Problem statement » Write out all of the entries, matching the original exactly.

Records from a collection »
= Beginning of Section =
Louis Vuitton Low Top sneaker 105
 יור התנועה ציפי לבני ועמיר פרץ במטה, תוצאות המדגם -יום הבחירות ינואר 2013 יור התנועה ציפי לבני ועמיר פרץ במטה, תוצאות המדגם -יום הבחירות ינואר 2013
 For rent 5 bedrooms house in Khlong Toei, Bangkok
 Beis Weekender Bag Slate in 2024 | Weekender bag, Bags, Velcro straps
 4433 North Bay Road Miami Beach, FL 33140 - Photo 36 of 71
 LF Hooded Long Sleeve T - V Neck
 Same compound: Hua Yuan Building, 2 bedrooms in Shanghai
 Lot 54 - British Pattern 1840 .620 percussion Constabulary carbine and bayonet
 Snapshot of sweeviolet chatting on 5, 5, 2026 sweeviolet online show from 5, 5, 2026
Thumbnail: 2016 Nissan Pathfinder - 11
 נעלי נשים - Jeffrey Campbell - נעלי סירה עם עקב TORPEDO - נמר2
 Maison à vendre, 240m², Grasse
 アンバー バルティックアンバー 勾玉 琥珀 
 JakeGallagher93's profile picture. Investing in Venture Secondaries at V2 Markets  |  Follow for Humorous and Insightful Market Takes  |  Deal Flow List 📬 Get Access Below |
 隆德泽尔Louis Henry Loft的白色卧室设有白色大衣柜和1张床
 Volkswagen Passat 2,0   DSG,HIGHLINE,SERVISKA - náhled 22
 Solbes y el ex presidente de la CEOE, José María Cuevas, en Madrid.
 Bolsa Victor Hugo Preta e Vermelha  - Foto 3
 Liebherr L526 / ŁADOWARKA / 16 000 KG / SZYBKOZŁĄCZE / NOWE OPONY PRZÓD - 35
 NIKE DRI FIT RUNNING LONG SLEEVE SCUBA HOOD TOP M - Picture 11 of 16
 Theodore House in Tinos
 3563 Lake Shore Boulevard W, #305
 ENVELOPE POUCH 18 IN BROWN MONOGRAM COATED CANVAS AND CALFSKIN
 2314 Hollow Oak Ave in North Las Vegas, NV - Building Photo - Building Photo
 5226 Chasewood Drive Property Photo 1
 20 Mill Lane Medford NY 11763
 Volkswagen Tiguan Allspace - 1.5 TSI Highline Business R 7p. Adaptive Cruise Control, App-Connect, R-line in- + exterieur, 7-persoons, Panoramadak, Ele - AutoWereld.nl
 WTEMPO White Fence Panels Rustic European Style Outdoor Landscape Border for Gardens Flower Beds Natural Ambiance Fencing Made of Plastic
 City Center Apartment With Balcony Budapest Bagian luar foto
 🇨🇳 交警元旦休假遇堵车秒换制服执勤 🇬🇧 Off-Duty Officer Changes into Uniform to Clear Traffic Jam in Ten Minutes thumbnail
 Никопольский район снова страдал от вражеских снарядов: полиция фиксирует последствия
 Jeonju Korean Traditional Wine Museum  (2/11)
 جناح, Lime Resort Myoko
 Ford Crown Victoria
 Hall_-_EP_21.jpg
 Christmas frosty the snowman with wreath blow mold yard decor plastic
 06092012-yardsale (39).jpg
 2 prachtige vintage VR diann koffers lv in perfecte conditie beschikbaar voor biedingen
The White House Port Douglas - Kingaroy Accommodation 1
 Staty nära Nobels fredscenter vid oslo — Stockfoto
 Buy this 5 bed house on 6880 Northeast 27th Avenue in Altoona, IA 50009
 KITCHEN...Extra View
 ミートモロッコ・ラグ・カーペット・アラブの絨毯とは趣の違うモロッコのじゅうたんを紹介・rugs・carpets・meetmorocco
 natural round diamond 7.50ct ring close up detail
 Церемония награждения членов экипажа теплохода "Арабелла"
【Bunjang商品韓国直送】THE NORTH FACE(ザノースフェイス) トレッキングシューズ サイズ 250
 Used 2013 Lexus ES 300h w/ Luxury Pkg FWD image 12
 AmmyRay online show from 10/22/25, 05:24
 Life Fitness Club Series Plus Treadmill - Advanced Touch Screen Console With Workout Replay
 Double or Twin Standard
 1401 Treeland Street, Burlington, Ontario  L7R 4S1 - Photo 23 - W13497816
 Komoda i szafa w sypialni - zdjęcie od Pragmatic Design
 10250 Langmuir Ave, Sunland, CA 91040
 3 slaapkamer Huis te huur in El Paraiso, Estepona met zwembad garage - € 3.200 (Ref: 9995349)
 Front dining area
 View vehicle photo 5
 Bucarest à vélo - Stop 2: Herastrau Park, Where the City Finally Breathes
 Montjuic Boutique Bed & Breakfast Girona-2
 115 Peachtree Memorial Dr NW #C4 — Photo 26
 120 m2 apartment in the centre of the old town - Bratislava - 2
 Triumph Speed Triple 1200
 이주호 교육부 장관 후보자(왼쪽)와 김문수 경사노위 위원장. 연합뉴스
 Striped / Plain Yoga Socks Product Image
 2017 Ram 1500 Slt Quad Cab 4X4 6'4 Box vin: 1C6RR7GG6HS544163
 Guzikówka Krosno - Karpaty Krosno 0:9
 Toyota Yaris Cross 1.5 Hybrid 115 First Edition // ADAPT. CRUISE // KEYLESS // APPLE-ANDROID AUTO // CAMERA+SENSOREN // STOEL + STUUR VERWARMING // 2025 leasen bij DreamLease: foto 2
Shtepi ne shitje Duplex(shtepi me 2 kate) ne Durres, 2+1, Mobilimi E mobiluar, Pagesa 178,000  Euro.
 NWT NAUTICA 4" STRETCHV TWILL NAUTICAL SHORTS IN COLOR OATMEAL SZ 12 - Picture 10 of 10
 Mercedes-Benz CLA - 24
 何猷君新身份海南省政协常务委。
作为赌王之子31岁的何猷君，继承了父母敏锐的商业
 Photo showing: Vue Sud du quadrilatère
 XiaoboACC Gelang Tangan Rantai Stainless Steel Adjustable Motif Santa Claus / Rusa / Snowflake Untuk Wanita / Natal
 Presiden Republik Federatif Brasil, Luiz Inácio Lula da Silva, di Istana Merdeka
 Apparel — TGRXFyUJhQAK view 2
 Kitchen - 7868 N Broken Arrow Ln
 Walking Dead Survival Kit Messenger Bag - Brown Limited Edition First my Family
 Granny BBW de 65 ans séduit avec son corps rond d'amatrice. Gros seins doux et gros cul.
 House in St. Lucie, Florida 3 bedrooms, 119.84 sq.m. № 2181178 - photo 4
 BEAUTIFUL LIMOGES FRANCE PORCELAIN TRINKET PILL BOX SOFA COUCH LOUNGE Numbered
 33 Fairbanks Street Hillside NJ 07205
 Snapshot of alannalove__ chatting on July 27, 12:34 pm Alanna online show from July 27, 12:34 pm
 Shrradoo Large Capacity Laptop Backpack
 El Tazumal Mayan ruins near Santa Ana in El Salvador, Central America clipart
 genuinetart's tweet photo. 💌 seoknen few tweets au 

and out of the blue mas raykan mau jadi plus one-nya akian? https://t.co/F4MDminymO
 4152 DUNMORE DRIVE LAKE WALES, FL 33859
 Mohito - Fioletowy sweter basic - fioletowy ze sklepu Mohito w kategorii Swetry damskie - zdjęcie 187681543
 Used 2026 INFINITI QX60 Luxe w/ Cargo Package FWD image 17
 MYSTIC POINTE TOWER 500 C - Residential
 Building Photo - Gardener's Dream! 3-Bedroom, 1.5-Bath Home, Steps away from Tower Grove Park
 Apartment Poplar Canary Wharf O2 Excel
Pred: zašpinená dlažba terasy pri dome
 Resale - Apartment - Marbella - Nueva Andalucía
= End of Section =
Written response »
Louis Vuitton Low Top sneaker 105
 יור התנועה ציפי לבני ועמיר פרץ במטה, תוצאות המדגם -יום הבחירות ינואר 2013 יור התנועה ציפי לבני ועמיר פרץ במטה, תוצאות המדגם -יום הבחירות ינואר 2013
 For rent 5 bedrooms house in Khlong Toei, Bangkok
 Beis Weekender Bag Slate in 2024 | Weekender bag, Bags, Velcro straps
 4433 North Bay Road Miami Beach, FL 33140 - Photo 36 of 71
 LF Hooded Long Sleeve T - V Neck
 Same compound: Hua Yuan Building, 2 bedrooms in Shanghai
 Lot 54 - British Pattern 1840 .620 percussion Constabulary carbine and bayonet
 Snapshot of sweeviolet chatting on 5, 5, 2026 sweeviolet online show from 5, 5, 2026
Thumbnail: 2016 Nissan Pathfinder - 11
 נעלי נשים - Jeffrey Campbell - נעלי סירה עם עקב TORPEDO - נמר2
 Maison à vendre, 240m², Grasse
 アンバー バルティックアンバー 勾玉 琥珀 
 JakeGallagher93's profile picture. Investing in Venture Secondaries at V2 Markets  |  Follow for Humorous and Insightful Market Takes  |  Deal Flow List 📬 Get Access Below |
 隆德泽尔Louis Henry Loft的白色卧室设有白色大衣柜和1张床
 Volkswagen Passat 2,0   DSG,HIGHLINE,SERVISKA - náhled 22
 Solbes y el ex presidente de la CEOE, José María Cuevas, en Madrid.
 Bolsa Victor Hugo Preta e Vermelha  - Foto 3
 Liebherr L526 / ŁADOWARKA / 16 000 KG / SZYBKOZŁĄCZE / NOWE OPONY PRZÓD - 35
 NIKE DRI FIT RUNNING LONG SLEEVE SCUBA HOOD TOP M - Picture 11 of 16
 Theodore House in Tinos
 3563 Lake Shore Boulevard W, #305
 ENVELOPE POUCH 18 IN BROWN MONOGRAM COATED CANVAS AND CALFSKIN
 2314 Hollow Oak Ave in North Las Vegas, NV - Building Photo - Building Photo
 5226 Chasewood Drive Property Photo 1
 20 Mill Lane Medford NY 11763
 Volkswagen Tiguan Allspace - 1.5 TSI Highline Business R 7p. Adaptive Cruise Control, App-Connect, R-line in- + exterieur, 7-persoons, Panoramadak, Ele - AutoWereld.nl
 WTEMPO White Fence Panels Rustic European Style Outdoor Landscape Border for Gardens Flower Beds Natural Ambiance Fencing Made of Plastic
 City Center Apartment With Balcony Budapest Bagian luar foto
 🇨🇳 交警元旦休假遇堵车秒换制服执勤 🇬🇧 Off-Duty Officer Changes into Uniform to Clear Traffic Jam in Ten Minutes thumbnail
 Никопольский район снова страдал от вражеских снарядов: полиция фиксирует последствия
 Jeonju Korean Traditional Wine Museum  (2/11)
 جناح, Lime Resort Myoko
 Ford Crown Victoria
 Hall_-_EP_21.jpg
 Christmas frosty the snowman with wreath blow mold yard decor plastic
 06092012-yardsale (39).jpg
 2 prachtige vintage VR diann koffers lv in perfecte conditie beschikbaar voor biedingen
The White House Port Douglas - Kingaroy Accommodation 1
 Staty nära Nobels fredscenter vid oslo — Stockfoto
 Buy this 5 bed house on 6880 Northeast 27th Avenue in Altoona, IA 50009
 KITCHEN...Extra View
 ミートモロッコ・ラグ・カーペット・アラブの絨毯とは趣の違うモロッコのじゅうたんを紹介・rugs・carpets・meetmorocco
 natural round diamond 7.50ct ring close up detail
 Церемония награждения членов экипажа теплохода "Арабелла"
【Bunjang商品韓国直送】THE NORTH FACE(ザノースフェイス) トレッキングシューズ サイズ 250
 Used 2013 Lexus ES 300h w/ Luxury Pkg FWD image 12
 AmmyRay online show from 10/22/25, 05:24
 Life Fitness Club Series Plus Treadmill - Advanced Touch Screen Console With Workout Replay
 Double or Twin Standard
 1401 Treeland Street, Burlington, Ontario  L7R 4S1 - Photo 23 - W13497816
 Komoda i szafa w sypialni - zdjęcie od Pragmatic Design
 10250 Langmuir Ave, Sunland, CA 91040
 3 slaapkamer Huis te huur in El Paraiso, Estepona met zwembad garage - € 3.200 (Ref: 9995349)
 Front dining area
 View vehicle photo 5
 Bucarest à vélo - Stop 2: Herastrau Park, Where the City Finally Breathes
 Montjuic Boutique Bed & Breakfast Girona-2
 115 Peachtree Memorial Dr NW #C4 — Photo 26
 120 m2 apartment in the centre of the old town - Bratislava - 2
 Triumph Speed Triple 1200
 이주호 교육부 장관 후보자(왼쪽)와 김문수 경사노위 위원장. 연합뉴스
 Striped / Plain Yoga Socks Product Image
 2017 Ram 1500 Slt Quad Cab 4X4 6'4 Box vin: 1C6RR7GG6HS544163
 Guzikówka Krosno - Karpaty Krosno 0:9
 Toyota Yaris Cross 1.5 Hybrid 115 First Edition // ADAPT. CRUISE // KEYLESS // APPLE-ANDROID AUTO // CAMERA+SENSOREN // STOEL + STUUR VERWARMING // 2025 leasen bij DreamLease: foto 2
Shtepi ne shitje Duplex(shtepi me 2 kate) ne Durres, 2+1, Mobilimi E mobiluar, Pagesa 178,000  Euro.
 NWT NAUTICA 4" STRETCHV TWILL NAUTICAL SHORTS IN COLOR OATMEAL SZ 12 - Picture 10 of 10
 Mercedes-Benz CLA - 24
 何猷君新身份海南省政协常务委。
作为赌王之子31岁的何猷君，继承了父母敏锐的商业
 Photo showing: Vue Sud du quadrilatère
 XiaoboACC Gelang Tangan Rantai Stainless Steel Adjustable Motif Santa Claus / Rusa / Snowflake Untuk Wanita / Natal
 Presiden Republik Federatif Brasil, Luiz Inácio Lula da Silva, di Istana Merdeka
 Apparel — TGRXFyUJhQAK view 2
 Kitchen - 7868 N Broken Arrow Ln
 Walking Dead Survival Kit Messenger Bag - Brown Limited Edition First my Family
 Granny BBW de 65 ans séduit avec son corps rond d'amatrice. Gros seins doux et gros cul.
 House in St. Lucie, Florida 3 bedrooms, 119.84 sq.m. № 2181178 - photo 4
 BEAUTIFUL LIMOGES FRANCE PORCELAIN TRINKET PILL BOX SOFA COUCH LOUNGE Numbered
 33 Fairbanks Street Hillside NJ 07205
 Snapshot of alannalove__ chatting on July 27, 12:34 pm Alanna online show from July 27, 12:34 pm
 Shrradoo Large Capacity Laptop Backpack
 El Tazumal Mayan ruins near Santa Ana in El Salvador, Central America clipart
 genuinetart's tweet photo. 💌 seoknen few tweets au 

and out of the blue mas raykan mau jadi plus one-nya akian? https://t.co/F4MDminymO
 4152 DUNMORE DRIVE LAKE WALES, FL 33859
 Mohito - Fioletowy sweter basic - fioletowy ze sklepu Mohito w kategorii Swetry damskie - zdjęcie 187681543
 Used 2026 INFINITI QX60 Luxe w/ Cargo Package FWD image 17
 MYSTIC POINTE TOWER 500 C - Residential
 Building Photo - Gardener's Dream! 3-Bedroom, 1.5-Bath Home, Steps away from Tower Grove Park
 Apartment Poplar Canary Wharf O2 Excel
Pred: zašpinená dlažba terasy pri dome
 Resale - Apartment - Marbella - Nueva Andalucía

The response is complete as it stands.